When the conditoins of the triplet triplet \((\mathcal{F},\mathcal{V},\mathcal{B})\) are met, one may show that there is a unique d dimensional distribution \(F\) with density:

\[ f_{1,...d} (x_1,\ldots,x_d ) = f_1(x_1)\cdots f_d (x_d ) \prod_{i=1}^{d-1}\prod_{e\in E_i} c_{C_{e,a}C_{e,b};D_e}\left(F_{C_{e,a} |D_e}(x_{C_{e,a}}|\textbf{x}_{D_e} ),F_{C_{e,b} |D_e}(x_{C_{e,b}}|\textbf{x}_{D_e} )\right) \]

such that for each \(e \in E_i\), \(i = 1,\ldots, d-1\), with \(e = \{a, b\}\) we have for the distribution function of \(X_{C_{e,a}}\) and \(X_{C_{e,b}}\) given \(\textbf{X}_{D_e} = \textbf{x}_{D_e}\)

\[ F_{C_{e,a},C{e,b}|D_e}(x_{C_{e,a}},x_{C_{e,b}} |\textbf{x}_{D_e})= C_e\left(F_{C_{e,a}|D_e} (x_{C_{e,a}} |\textbf{x}_{D_e}),F_{C_{e,b}|D_e}(x_{C_{e,b}} |\textbf{x}_{D_e}) \right) \]

Thus, with the construction up to now, a simplified regular vine copula or a (vine copula for our purposes) is a regular whose nodes are associated with one dimensional random variables and the edges with (conditional) bivariate copulas that do not depend on the specific value of the conditioning variables.

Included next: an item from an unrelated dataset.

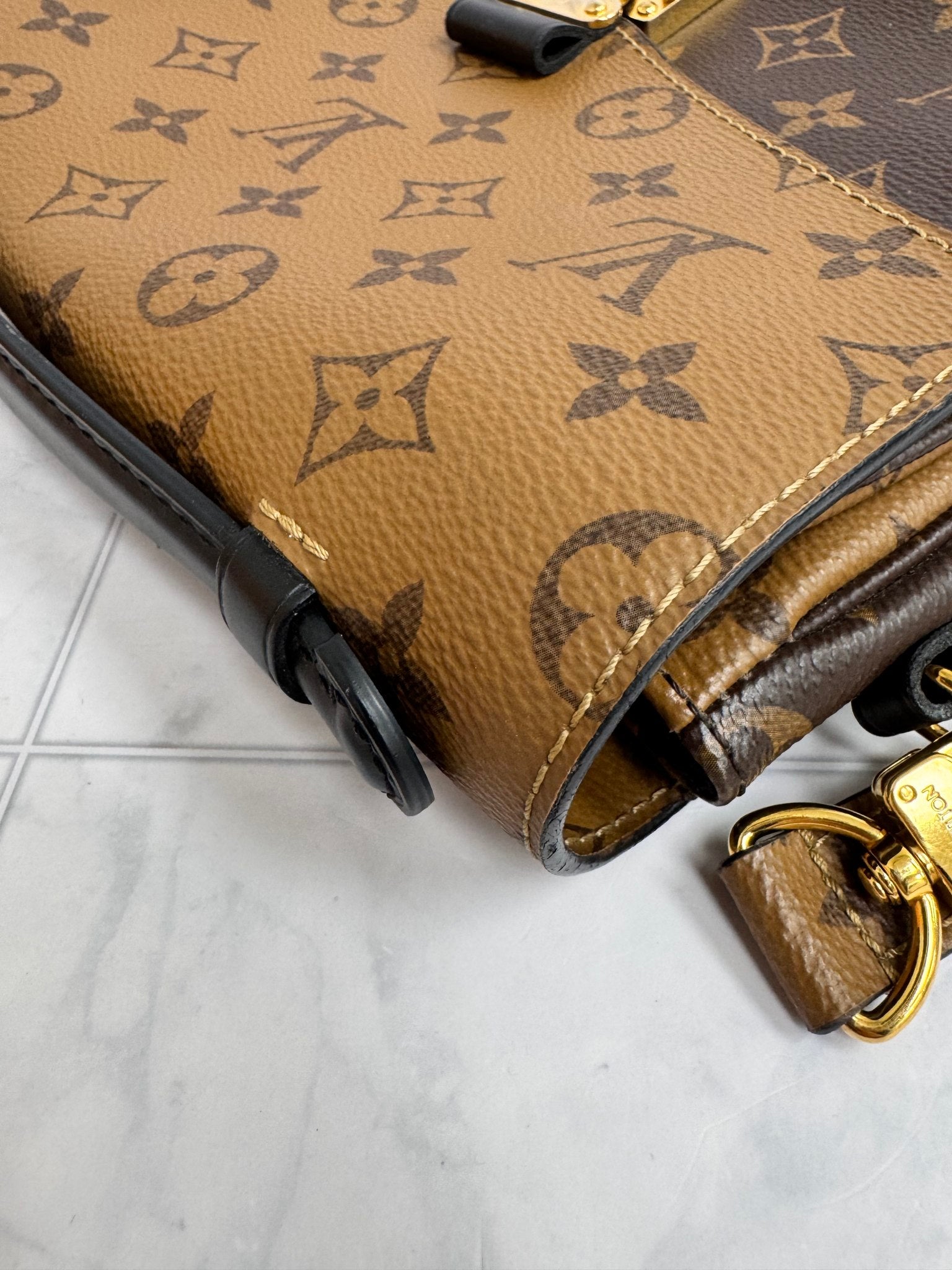 Louis Vuitton Reverse Monogram Pochette Metise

The density of the vine copulacan be written as the product of the individual densities and the (conditional) bivariate copulas attached to the edges of the regular vine.

As can be seen the conditional copulas are an important concept in the construction above. For this reason we remember its definition.

Let \(X\) be a random variable and \(\textbf{Y}\) a random vector. Assume they have an absolutely continuous joint distribution. Let \(Y_j\) be a component of \(\textbf{Y}\) and denote the sub-vector of \(\textbf{Y}\) with Let \(Y_{-j}\) removed by Let \(\textbf{Y}_{-j}\). In this case the conditional distribution of \(X\) given \(\textbf{Y} = \textbf{y}\) \(F_{X|\textbf{Y}}(\cdot| \textbf{y})\) satisfies the following recursion

\[ F_{X|\textbf{Y}} (\cdot| \textbf{y}) = \frac{\partial C_{X,Y_j;\textbf{Y}_{-j}}(F_{X|Y_j}(x|\textbf{y}_{-j}), F_{Y_j|\textbf{Y}_{-j}}(y| \textbf{y}_{-j} ))}{\partial F_{Y_j |\textbf{Y}_{-j}(y_j | \textbf{y}_{-j} })} \]

where \(C_{X,Y_j;Y_{-j}}(\cdot, \cdot| y_{-j} )\) denotes the copula corresponding to \((X,Y_j)\) given \(\textbf{Y}_{-j} = \textbf{y}_{-j}\).